Skeptics raise several concerns:

Environmental Impact: AI technologies, particularly large language models, consume enormous computational resources and energy. Requiring all students to use AI tools could substantially increase Purdue's carbon footprint.

Redundancy: Many students, particularly in computer science and engineering, already develop sophisticated AI skills through their major coursework. For them, a baseline competency requirement may seem unnecessarily simplistic.

Administrative Motivation: Some question whether the requirement genuinely serves student needs or primarily justifies recent faculty hiring and administrative initiatives—what one Hacker News commenter described as a "CEO edict" where departments pivot to include AI "whether or not it makes sense."

Educational Value: Critics worry about top-down mandates that may result in superficial checkbox compliance rather than meaningful learning.

A Hacker News commenter questioned whether this represents "gimmicks" typical of "low-tier universities trying to get attention," suggesting the requirement might damage Purdue's reputation rather than enhance it.

The Cheating Conundrum

Part of Purdue's motivation appears to address the reality that AI is already transforming how students learn—and cheat. By teaching students to use AI tools effectively and ethically within academic contexts, the university aims to shape responsible AI use rather than futilely attempting to ban tools that students will use regardless.

This pragmatic approach acknowledges that AI genies cannot be put back in bottles. The question isn't whether students will use ChatGPT and similar tools, but whether universities will teach them to use these tools in ways that enhance rather than replace learning.

What It Means for Other Universities

Purdue's decision will face scrutiny from peer institutions considering similar requirements.
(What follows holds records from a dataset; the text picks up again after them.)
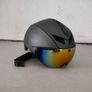 Aero bike helmet Image 2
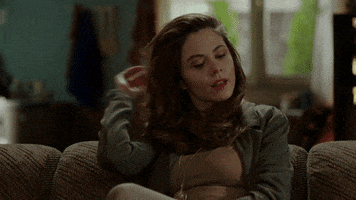 Milena Velba GIFs - Find & Share on GIPHY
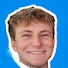 cr0lPDnyjC0-channel-avatar-Michael Berra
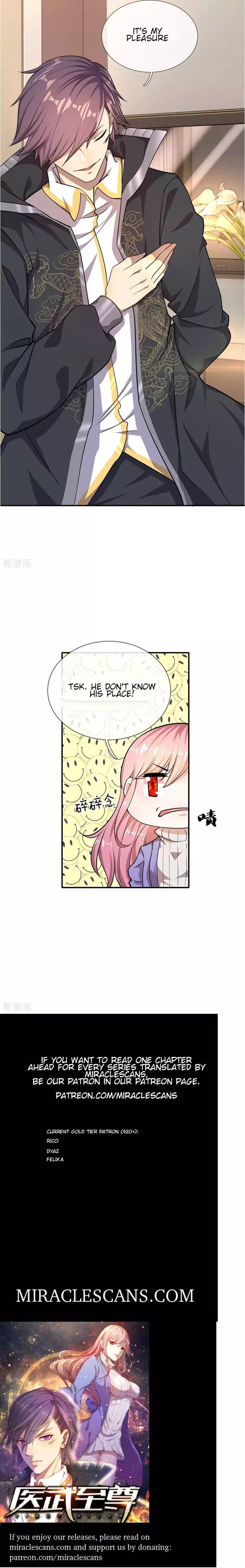 Page 5 of Chapter 12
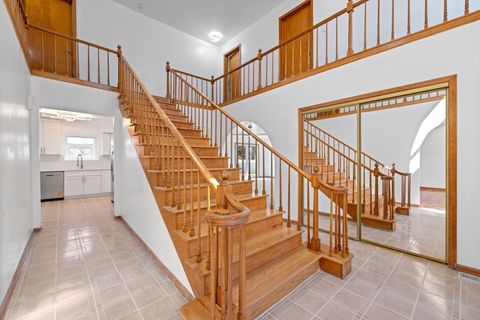 Tiny photo for 725 N 8th Avenue, Addison, IL 60101 (MLS # 12591268)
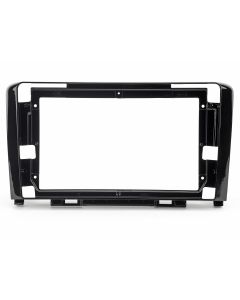 Переходная рамка INCAR RGW-FC283 для Great Wall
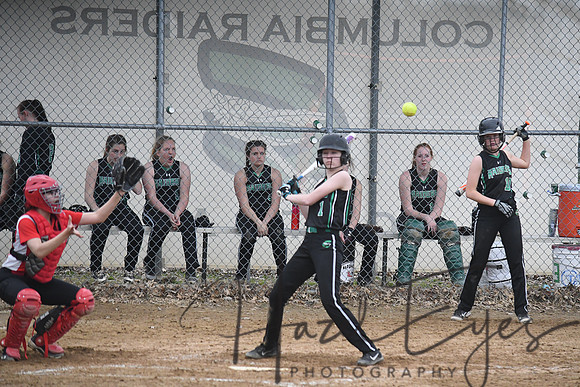 2019 Varsity vs Lutheran West-47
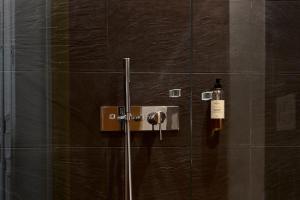 Hotels Beausejour Ranelagh : photos des chambres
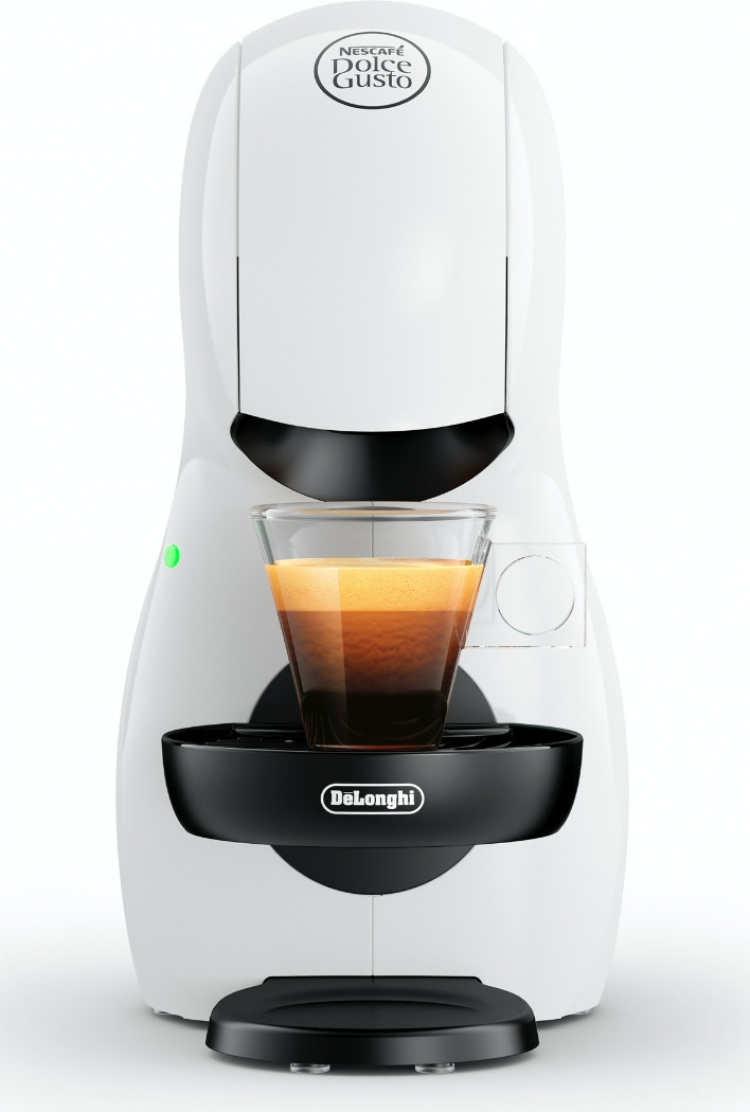 DeLonghi Dolce Gusto Piccolo XS kapselkaffetrakter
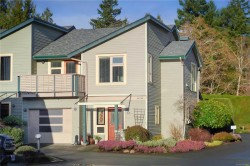 12-133 Corbett Rd  Salt Spring, BC V8K 2W6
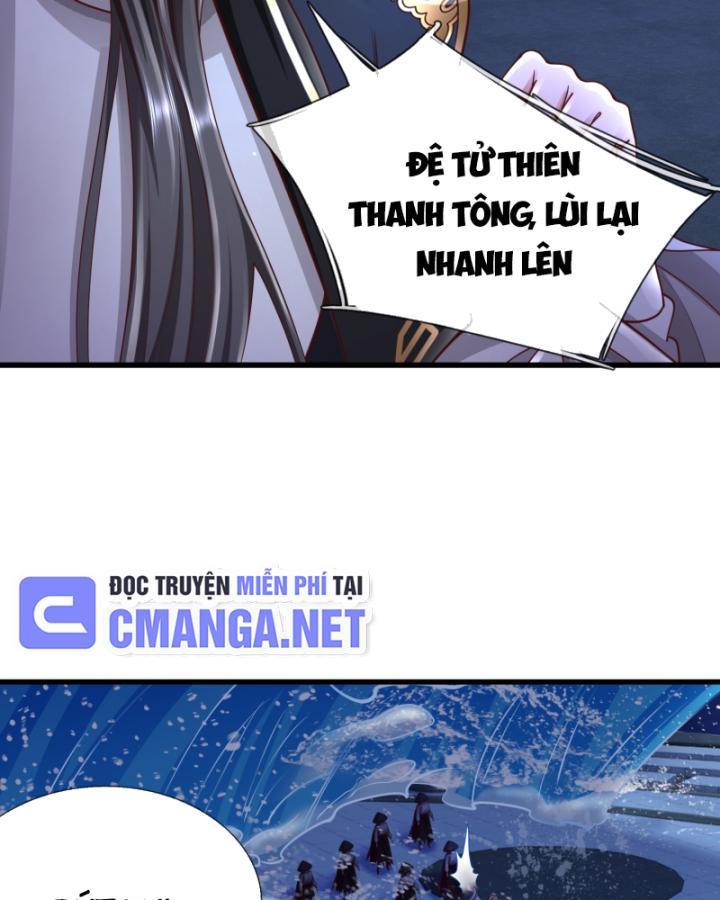 Ta Có Thể Thôn Phệ Vô Hạn Chapter 16 - Trang 89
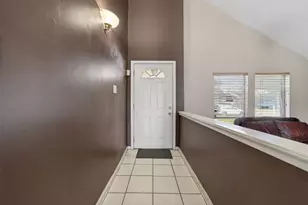 7130 Rio Blanco Dr, Houston, TX 77083 - Photo 5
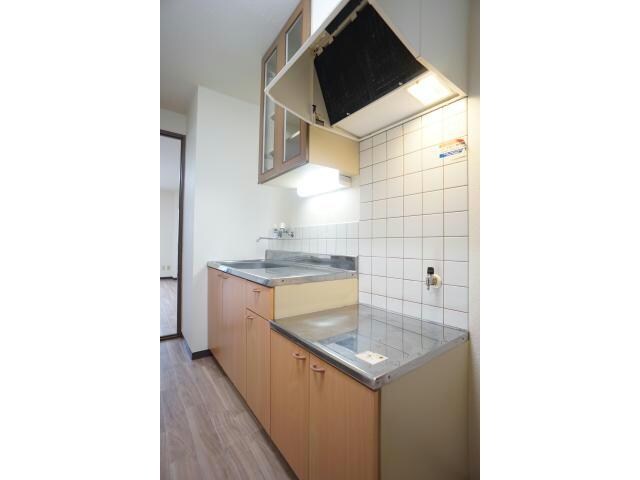  マカロニほうれん荘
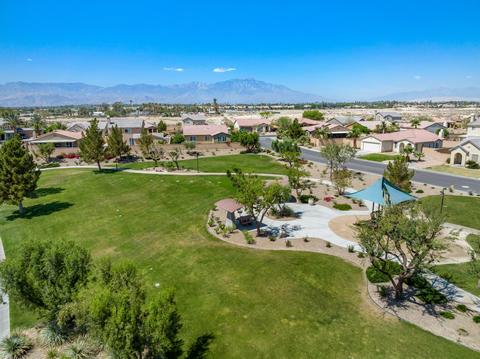 37305 Wakefield St, Indio, CA 92203 photo 14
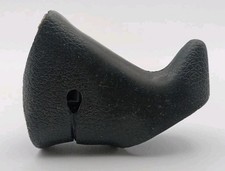 Campagnolo Avanti Ergopower 2/3 Couvre-levier de frein Gauche Rubber Hood 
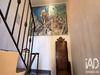 Ma-Cabane - Vente Maison Omessa, 120 m²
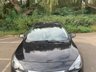 USED 2015 65 VAUXHALL ASTRA GTC 1.4 SRI GTC **** PAY DAY SALE - HUGE DISCOUNTS**** WAS &pound;7995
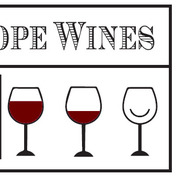 South Slope Wines & Bistro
If the implementation succeeds—producing graduates who genuinely possess useful AI skills without adding time or cost to degrees—other universities may follow.
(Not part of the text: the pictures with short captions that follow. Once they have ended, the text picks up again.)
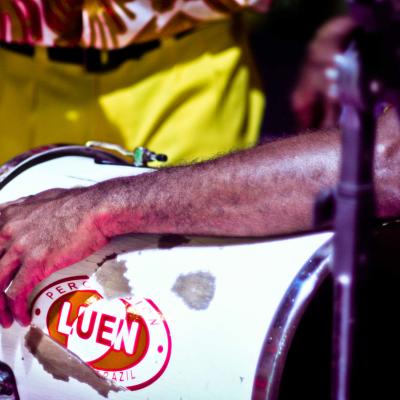 2018 Voa Voa Maria Gravao Do 1 Cd 8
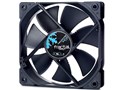 FD-FAN-DYN-X2-GP12-PWM-BK [�u���b�N]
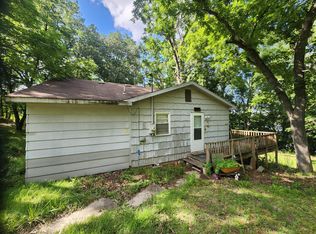 28182 Willow Ln, Eagle Rock, MO 65641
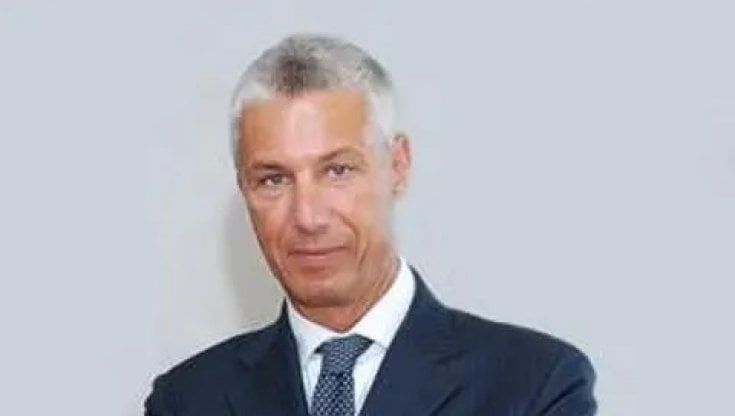 Mafie e Pnrr, il vicecapo di Polizia Rizzi: “Contro i clan dobbiamo anticipare la minaccia”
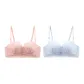 2 Pack (Blue+Pink)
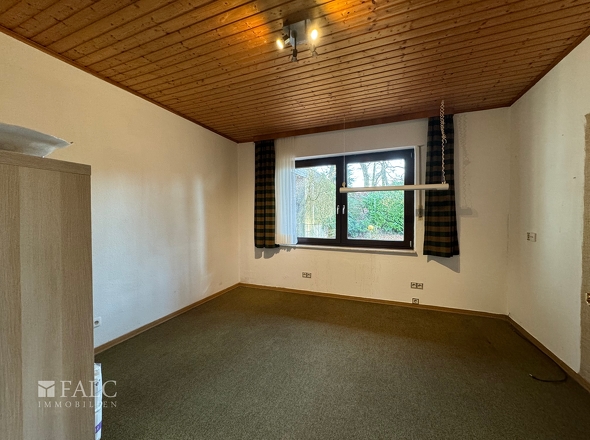 Immobilie in Bramsche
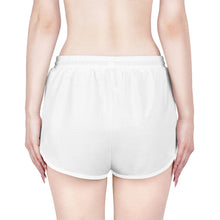 Load image into Gallery viewer, Chinese Women&#39;s Relaxed Shorts (AOP)
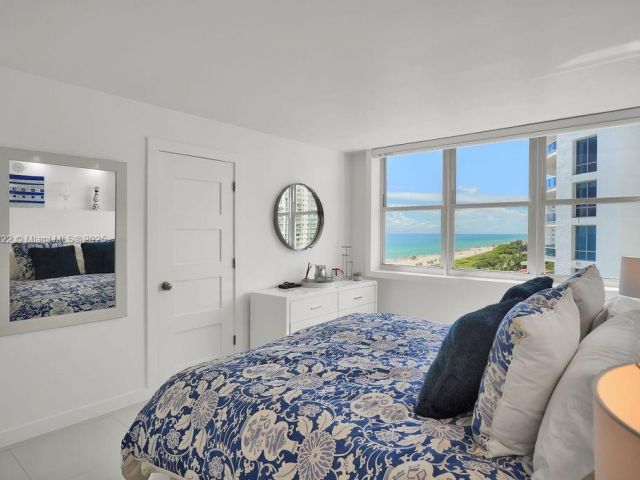 Apartment for sale  Unit #1126 - photo 6596467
However, if execution proves problematic—faculty resistance, superficial compliance, student complaints about busywork—the experiment could serve as a cautionary tale.

The stakes extend beyond Purdue. Higher education faces mounting pressure to demonstrate value and relevance as costs rise and public confidence declines. Innovative approaches like AI literacy requirements represent attempts to prove universities are preparing students for future economies rather than past ones.
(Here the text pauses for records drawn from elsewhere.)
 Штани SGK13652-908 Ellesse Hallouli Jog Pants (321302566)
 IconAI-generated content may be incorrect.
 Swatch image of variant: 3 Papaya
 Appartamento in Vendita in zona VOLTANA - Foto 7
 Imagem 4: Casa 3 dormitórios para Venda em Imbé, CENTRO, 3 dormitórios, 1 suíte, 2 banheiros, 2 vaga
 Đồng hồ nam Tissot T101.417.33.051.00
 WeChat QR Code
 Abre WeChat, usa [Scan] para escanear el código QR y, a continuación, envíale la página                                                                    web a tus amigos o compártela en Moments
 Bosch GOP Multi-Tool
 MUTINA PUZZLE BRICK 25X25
Implications for Employers

Corporate recruiters and HR departments are watching closely. Purdue's requirement creates a cohort of graduates who, in theory, all possess baseline AI capabilities—potentially making them more attractive hires than graduates from institutions without such requirements.

Technology companies like Alphabet and Microsoft stand to benefit from a broader talent pool of AI-literate professionals across disciplines. Instead of finding only specialized AI engineers, they'll encounter marketing, finance, and operations candidates who understand AI principles and applications.

This could accelerate AI adoption across business functions as companies find employees prepared to integrate AI tools rather than requiring extensive training or struggling with AI-resistant workforces.

The Long View

Whether Purdue's AI competency requirement represents visionary leadership or administrative overreach will become clear over the next decade as graduates enter the workforce.

If Purdue alumni consistently demonstrate superior ability to leverage AI tools in their careers, other universities will rush to implement similar requirements. If the requirement proves superficial or irrelevant to actual job performance, it will quietly fade or transform into something else.

For now, Purdue has claimed first-mover advantage in mandating AI literacy for all undergraduates. President Chiang's assertion that the university must "lean in and lean forward" on AI reflects conviction that future-oriented universities must actively shape how students interact with artificial intelligence rather than passively watching AI reshape professions without preparing students adequately.

The class of 2030—freshmen entering Purdue in Fall 2026 who will be the first required to demonstrate AI competency—will ultimately judge whether this bold experiment enhances or burdens their education and careers.